Godan Fifth Degree Black w/ five stripes

Rokudan Sixth Degree Black w/ six stripes

Nanadan Seventh Degree Black w/ seven stripes

Hachidan Eight Degree Black w/ eight stripes

Kudan Ninth Degree Black w/ nine stripes

Judan Tenth Degree Black w/ ten stripes

However, in Ishino Shorinjiryu Genbukan Karate, Shihan Ishino does not use stripes to indicate rank level. Instead the rank is indicated in Japanese kanji (i.e. San Dan) on the belt above the black belt’s name (see image below ~ belt end on your right above label).



I have noticed that some Shorinjiryu clubs in the U.S.A. have been using for their fourth degree black belt, (Yondan),  a half red and half white on one side and a solid black on the opposite side belt, sometimes referred to by martial arts suppliers as the “Renshi” belt. For Yondan, the half red and half white side is worn showing on the waist. I have also noticed that Shorinjiryu Kenryukan Karate also uses the “Renshi” belt for third degree black belt but with the black side showing on the waist.


There are some Shorinjiryu clubs that have been using for the fifth degree black belt, a red and black square panelled belt.


In Ishino Shorinjiryu Genbukan Karate, Shihan Ishino does not use the “Renshi” belt or the red and black panelled belt.

Many Karate clubs follow the Judo tradition of wearing special belts for sixth, seventh and eight degree black belt by using a red and white square panelled belt, sometimes referred to as a “Rokudan belt” or “Kohaku” belt.

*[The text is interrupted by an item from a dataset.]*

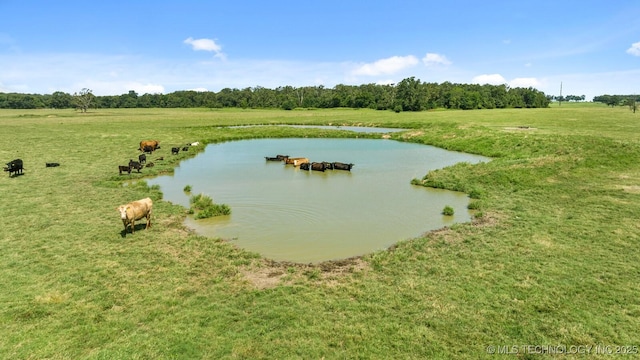 472747 E 680th Rd, Westville, OK 74965 - photo 6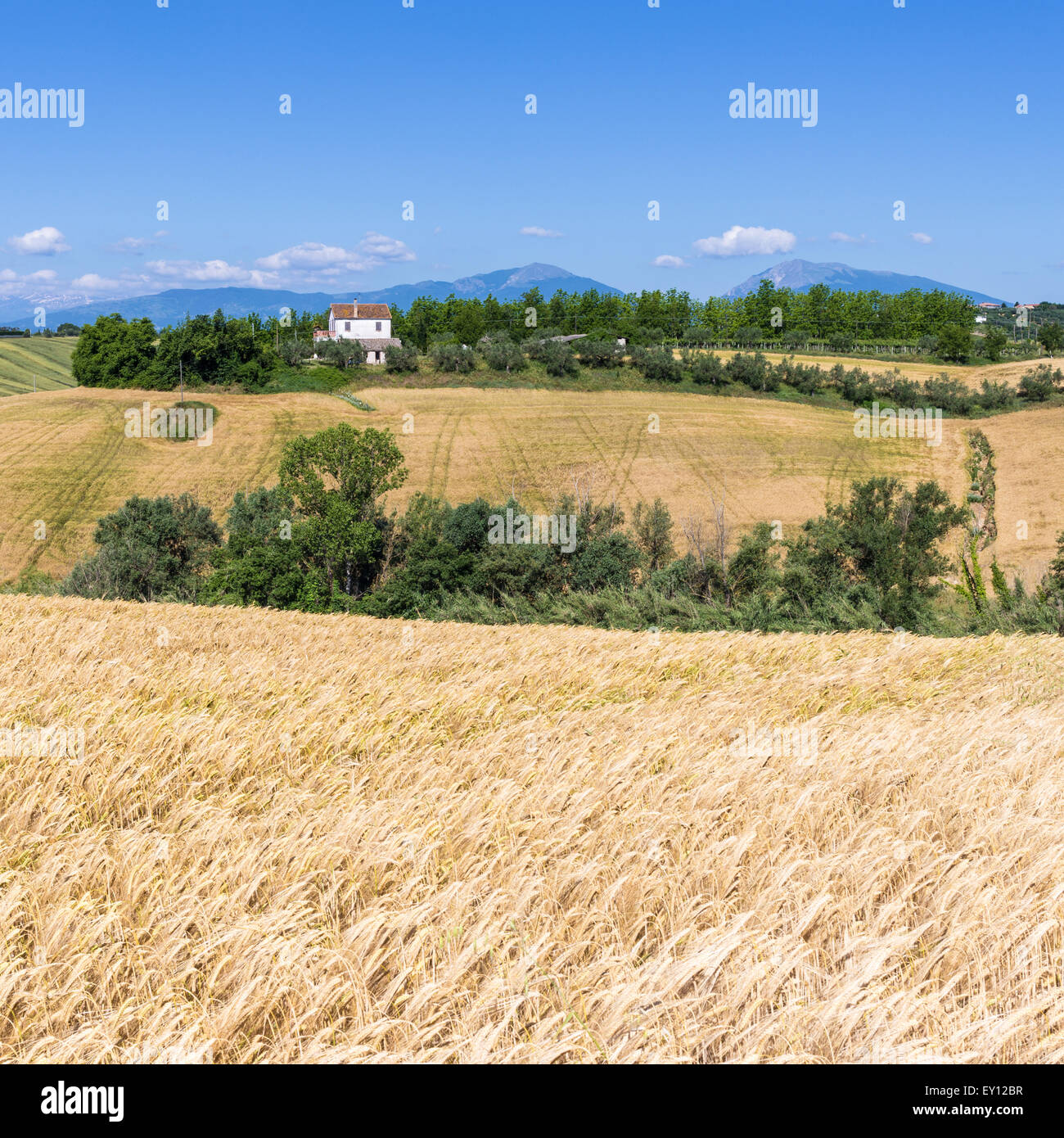 Les collines des Abruzzes Banque D'Images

It should be noted, that even though Hanshi Masayuki Kukan Hisataka, the president and chief instructor of Shorinjiryu Kenkokan Karatedo, was himself a high ranking Judo black belt and is familiar with the required qualification of sixth degree black belt in Judo to wear the “Rokudan belt”, he has decided to allow fifth degree black belts in Shorinjiryu Kenkokan Karatedo to wear the “Rokudan belt”, for whatever his reasons are ?!?!

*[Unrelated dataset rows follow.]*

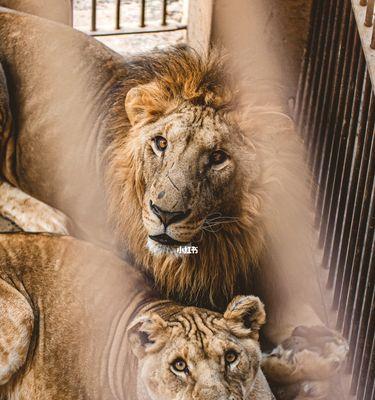 《数独密室奇想夜物语》游戏白猫戴芳菲路线全结局攻略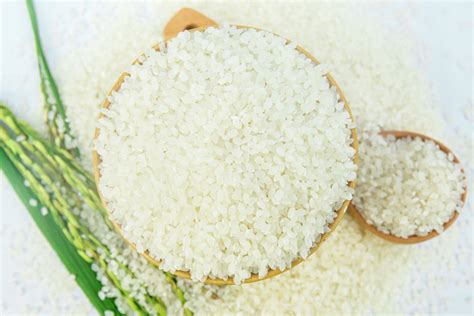 Gạo Japonica Việt Nam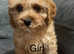 Last little girl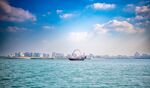 海洋景观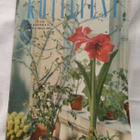 Kotiliesi maaliskuu no 5 1956 - pikkukuva 1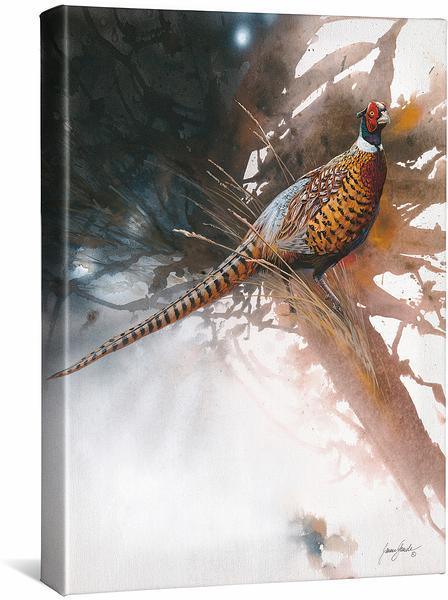 pheasant-gallery-wrapped-canvas-janene-grende-F351169419CGW_6dfbba4c-b9ec-4cdc-bb61-ab537297c534.jpg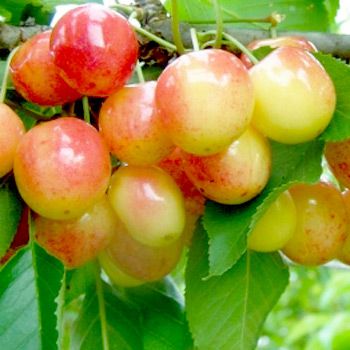 Ciliegio Bigarreau Napoleon – 10 Semi, Frutto Cuoriforme, Polpa Bianca e Soda, Maturazione metà Giugno, Facile da Coltivare, Non-GMO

Even more strangely I have noticed that in some Jiu Jitsu clubs they have been awarding the “Rokudan belt to fourth degree black belts ?!?! I would have expected that they would follow more closely to the Judo’s belt designations.

Shihan Ishino is currently seventh degree black belt and wears the red and white panelled belt.



In Judo, the solid red belt is worn by ninth and tenth degree black belts. This is the same for most Karate styles including Shorinjiryu. However that being said, I have seen children in open Karate tournaments with red belts. In those clubs, the red belt is used as the next belt colour following the first promotion from beginner white belts. This makes me wonder what is the coloured belt their style uses for tenth degree black belt?!?


The Korean martial arts styles are different, as some taekwondo clubs use a red belt in place of the brown belt.

In the World Karate Federation Karate (WKF) competitons, they use blue belts and red belts for black belt team competitions to distinguish one team from the other. Possibly because red vs blue are the best two basic colours that can be used to indicate opposing teams.


So reader are you confused yet?

No plural in Japanese

This is a small point. There is no plural in Japanese. You would say one kata or two kata. You would not say two katas. You don’t add the English letter “s” to Japanese words to make them plural.

Also I would say that there are two sensei, not two senseis. Or I will teach two waza, not two wazas. Or there are two dojo in Kingston , not two dojos in Kingston. Or I would refer to the five Pinan kata rather than the five Pinan katas. So no plural in Japanese.